(Short web captions)

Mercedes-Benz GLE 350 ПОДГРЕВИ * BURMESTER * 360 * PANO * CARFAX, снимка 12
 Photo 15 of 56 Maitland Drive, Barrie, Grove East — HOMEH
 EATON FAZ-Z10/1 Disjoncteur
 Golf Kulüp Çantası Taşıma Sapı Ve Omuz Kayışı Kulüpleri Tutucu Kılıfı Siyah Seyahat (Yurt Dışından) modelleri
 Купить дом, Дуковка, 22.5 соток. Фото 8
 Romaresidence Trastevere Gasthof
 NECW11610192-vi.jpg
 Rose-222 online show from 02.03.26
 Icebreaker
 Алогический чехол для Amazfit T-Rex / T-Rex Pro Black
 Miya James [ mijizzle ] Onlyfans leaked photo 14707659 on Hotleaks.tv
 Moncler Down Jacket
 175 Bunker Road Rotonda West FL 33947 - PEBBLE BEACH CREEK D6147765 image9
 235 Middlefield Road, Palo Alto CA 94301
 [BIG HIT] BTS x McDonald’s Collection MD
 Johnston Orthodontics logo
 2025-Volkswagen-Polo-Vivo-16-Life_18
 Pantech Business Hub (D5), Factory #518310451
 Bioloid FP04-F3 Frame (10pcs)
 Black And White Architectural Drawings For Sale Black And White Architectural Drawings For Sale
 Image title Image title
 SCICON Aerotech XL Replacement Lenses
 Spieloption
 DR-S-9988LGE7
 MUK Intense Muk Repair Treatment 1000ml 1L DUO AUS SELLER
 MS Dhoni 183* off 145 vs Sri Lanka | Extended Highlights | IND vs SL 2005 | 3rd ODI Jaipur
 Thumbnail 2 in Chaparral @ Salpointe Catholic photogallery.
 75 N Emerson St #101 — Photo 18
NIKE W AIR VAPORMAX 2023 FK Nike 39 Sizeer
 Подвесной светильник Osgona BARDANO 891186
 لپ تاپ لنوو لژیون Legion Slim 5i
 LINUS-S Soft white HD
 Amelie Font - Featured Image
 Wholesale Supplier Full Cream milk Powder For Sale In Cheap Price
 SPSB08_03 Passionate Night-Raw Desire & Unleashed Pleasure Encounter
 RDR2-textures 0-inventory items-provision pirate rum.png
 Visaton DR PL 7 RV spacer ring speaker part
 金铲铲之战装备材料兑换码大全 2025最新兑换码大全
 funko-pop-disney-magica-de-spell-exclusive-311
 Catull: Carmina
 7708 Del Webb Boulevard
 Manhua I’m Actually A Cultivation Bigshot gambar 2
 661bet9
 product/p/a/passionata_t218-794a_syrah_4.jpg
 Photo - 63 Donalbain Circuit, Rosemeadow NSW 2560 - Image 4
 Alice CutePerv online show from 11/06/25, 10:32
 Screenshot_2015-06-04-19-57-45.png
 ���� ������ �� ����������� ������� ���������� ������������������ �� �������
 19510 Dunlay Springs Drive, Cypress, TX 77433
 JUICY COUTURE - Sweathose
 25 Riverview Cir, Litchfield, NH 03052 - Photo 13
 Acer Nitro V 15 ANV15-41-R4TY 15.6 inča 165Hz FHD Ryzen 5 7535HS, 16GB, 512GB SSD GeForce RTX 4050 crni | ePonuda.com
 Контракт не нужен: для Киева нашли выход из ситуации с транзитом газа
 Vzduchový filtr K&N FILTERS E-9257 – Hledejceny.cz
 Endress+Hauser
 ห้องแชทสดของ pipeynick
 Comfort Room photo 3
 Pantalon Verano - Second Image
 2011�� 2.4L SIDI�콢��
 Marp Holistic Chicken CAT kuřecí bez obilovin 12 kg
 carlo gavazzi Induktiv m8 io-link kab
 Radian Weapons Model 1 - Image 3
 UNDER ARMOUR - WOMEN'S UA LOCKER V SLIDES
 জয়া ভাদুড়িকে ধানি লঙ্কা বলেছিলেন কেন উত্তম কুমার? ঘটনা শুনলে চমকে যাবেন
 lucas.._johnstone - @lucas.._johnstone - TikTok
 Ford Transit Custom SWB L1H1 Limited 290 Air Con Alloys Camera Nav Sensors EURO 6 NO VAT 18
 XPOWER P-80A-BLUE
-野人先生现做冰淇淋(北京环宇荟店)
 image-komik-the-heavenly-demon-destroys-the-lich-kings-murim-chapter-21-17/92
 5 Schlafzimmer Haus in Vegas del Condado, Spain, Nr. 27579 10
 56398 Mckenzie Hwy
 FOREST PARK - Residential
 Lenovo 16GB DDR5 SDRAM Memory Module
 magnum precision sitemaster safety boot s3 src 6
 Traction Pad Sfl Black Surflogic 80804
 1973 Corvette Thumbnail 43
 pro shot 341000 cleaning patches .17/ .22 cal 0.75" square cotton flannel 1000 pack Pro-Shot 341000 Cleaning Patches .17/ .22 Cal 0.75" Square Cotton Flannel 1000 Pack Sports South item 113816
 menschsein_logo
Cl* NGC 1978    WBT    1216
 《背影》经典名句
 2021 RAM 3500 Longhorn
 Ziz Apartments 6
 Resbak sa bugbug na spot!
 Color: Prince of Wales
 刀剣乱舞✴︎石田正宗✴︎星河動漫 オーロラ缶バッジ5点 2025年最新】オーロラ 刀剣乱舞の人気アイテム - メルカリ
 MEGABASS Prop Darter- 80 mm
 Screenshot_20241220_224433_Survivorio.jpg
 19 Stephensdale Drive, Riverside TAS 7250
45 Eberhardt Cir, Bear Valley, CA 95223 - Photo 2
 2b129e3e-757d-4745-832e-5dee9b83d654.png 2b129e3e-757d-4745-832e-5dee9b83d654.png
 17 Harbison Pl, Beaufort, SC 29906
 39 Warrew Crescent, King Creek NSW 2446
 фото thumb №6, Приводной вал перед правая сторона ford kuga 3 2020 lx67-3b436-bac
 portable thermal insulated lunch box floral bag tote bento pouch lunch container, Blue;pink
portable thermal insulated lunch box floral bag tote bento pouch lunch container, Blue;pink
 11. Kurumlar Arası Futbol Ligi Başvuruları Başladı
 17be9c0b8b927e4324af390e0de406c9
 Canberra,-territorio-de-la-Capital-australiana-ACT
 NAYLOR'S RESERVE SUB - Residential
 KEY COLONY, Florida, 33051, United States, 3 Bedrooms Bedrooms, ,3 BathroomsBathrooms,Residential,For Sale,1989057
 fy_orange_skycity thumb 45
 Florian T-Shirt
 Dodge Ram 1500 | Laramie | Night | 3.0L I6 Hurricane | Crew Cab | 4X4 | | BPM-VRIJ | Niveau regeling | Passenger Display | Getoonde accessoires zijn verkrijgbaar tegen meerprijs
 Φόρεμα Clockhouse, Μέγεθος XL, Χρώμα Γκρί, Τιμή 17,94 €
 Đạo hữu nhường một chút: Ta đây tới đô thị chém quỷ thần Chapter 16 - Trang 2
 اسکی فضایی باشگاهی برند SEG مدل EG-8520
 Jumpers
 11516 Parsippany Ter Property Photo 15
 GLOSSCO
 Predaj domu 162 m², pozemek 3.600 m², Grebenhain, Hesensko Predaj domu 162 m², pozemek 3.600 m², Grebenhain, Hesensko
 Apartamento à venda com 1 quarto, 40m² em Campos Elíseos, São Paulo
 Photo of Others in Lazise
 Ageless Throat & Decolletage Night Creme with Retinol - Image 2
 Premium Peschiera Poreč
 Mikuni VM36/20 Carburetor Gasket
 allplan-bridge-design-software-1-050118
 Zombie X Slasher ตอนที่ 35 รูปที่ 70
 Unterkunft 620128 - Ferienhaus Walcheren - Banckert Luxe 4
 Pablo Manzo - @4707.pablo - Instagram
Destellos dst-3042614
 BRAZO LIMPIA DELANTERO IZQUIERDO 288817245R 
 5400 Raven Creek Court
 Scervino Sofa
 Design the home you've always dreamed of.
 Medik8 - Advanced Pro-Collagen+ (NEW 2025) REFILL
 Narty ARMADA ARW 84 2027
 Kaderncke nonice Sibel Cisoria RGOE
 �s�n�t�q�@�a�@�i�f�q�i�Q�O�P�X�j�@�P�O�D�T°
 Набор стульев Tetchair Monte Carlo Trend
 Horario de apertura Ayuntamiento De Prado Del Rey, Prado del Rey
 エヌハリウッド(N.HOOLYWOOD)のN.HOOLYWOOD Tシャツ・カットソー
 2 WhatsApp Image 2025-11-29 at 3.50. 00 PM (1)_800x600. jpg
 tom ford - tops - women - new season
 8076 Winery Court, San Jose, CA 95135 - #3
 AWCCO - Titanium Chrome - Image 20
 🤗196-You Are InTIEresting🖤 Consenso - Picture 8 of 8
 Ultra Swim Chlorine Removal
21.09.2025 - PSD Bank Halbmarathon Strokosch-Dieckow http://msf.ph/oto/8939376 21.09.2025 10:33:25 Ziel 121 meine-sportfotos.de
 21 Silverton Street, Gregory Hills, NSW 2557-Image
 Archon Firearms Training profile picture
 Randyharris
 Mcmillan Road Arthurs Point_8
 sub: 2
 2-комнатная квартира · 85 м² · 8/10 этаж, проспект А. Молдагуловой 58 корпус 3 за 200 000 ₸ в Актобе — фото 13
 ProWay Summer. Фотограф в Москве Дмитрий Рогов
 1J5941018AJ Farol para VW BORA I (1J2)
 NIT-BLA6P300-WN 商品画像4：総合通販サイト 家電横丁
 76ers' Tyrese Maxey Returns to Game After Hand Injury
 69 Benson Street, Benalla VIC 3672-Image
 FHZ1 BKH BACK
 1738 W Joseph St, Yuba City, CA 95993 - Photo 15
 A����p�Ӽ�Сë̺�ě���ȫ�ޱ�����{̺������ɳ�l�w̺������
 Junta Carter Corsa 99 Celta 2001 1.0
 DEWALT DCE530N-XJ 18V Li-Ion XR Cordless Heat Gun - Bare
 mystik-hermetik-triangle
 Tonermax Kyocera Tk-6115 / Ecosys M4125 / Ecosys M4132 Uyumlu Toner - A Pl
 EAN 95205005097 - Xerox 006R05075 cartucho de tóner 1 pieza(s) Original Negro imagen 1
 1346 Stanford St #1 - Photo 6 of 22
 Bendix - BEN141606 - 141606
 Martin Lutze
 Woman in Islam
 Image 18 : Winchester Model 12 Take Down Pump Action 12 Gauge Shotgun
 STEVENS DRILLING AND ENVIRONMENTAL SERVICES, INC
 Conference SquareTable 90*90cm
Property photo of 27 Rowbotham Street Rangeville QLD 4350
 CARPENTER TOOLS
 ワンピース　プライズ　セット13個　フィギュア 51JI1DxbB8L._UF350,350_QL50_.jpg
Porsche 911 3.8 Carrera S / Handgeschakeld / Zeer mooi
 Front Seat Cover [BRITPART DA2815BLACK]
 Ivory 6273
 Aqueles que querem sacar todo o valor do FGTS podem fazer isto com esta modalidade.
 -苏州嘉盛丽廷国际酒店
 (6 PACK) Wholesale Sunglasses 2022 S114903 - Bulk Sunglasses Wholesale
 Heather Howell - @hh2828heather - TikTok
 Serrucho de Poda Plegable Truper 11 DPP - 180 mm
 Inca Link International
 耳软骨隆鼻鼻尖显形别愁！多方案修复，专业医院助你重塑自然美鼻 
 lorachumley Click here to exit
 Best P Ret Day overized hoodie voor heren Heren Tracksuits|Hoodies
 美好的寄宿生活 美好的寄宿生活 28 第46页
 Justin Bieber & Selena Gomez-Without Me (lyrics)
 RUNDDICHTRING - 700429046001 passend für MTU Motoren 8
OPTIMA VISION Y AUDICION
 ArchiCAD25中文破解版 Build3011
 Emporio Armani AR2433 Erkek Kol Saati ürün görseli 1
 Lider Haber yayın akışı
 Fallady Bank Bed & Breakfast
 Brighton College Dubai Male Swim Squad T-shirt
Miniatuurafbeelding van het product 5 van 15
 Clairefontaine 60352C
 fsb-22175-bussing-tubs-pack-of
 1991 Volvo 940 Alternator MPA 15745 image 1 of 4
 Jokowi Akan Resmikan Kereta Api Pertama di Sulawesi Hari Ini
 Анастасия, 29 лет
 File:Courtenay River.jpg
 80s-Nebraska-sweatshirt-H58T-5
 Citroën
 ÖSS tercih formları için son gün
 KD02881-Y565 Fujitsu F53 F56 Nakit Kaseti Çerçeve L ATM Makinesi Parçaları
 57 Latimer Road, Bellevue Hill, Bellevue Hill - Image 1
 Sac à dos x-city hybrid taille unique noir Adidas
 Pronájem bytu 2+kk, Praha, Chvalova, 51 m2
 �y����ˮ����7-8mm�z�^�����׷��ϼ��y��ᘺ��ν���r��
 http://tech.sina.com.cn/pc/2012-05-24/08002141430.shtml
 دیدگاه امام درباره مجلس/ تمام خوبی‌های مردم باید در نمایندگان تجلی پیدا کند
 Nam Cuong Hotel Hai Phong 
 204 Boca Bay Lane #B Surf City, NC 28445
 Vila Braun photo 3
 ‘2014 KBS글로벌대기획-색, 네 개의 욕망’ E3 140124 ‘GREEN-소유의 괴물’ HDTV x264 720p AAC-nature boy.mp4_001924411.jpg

- _Task to carry out_
Starting at the line that has "Đạo hữu nhường" in the records above, restate word for word every line until the one that has "Scervino Sofa", and include that one as well.

- _Written reply_
 Đạo hữu nhường một chút: Ta đây tới đô thị chém quỷ thần Chapter 16 - Trang 2
 اسکی فضایی باشگاهی برند SEG مدل EG-8520
 Jumpers
 11516 Parsippany Ter Property Photo 15
 GLOSSCO
 Predaj domu 162 m², pozemek 3.600 m², Grebenhain, Hesensko Predaj domu 162 m², pozemek 3.600 m², Grebenhain, Hesensko
 Apartamento à venda com 1 quarto, 40m² em Campos Elíseos, São Paulo
 Photo of Others in Lazise
 Ageless Throat & Decolletage Night Creme with Retinol - Image 2
 Premium Peschiera Poreč
 Mikuni VM36/20 Carburetor Gasket
 allplan-bridge-design-software-1-050118
 Zombie X Slasher ตอนที่ 35 รูปที่ 70
 Unterkunft 620128 - Ferienhaus Walcheren - Banckert Luxe 4
 Pablo Manzo - @4707.pablo - Instagram
Destellos dst-3042614
 BRAZO LIMPIA DELANTERO IZQUIERDO 288817245R 
 5400 Raven Creek Court
 Scervino Sofa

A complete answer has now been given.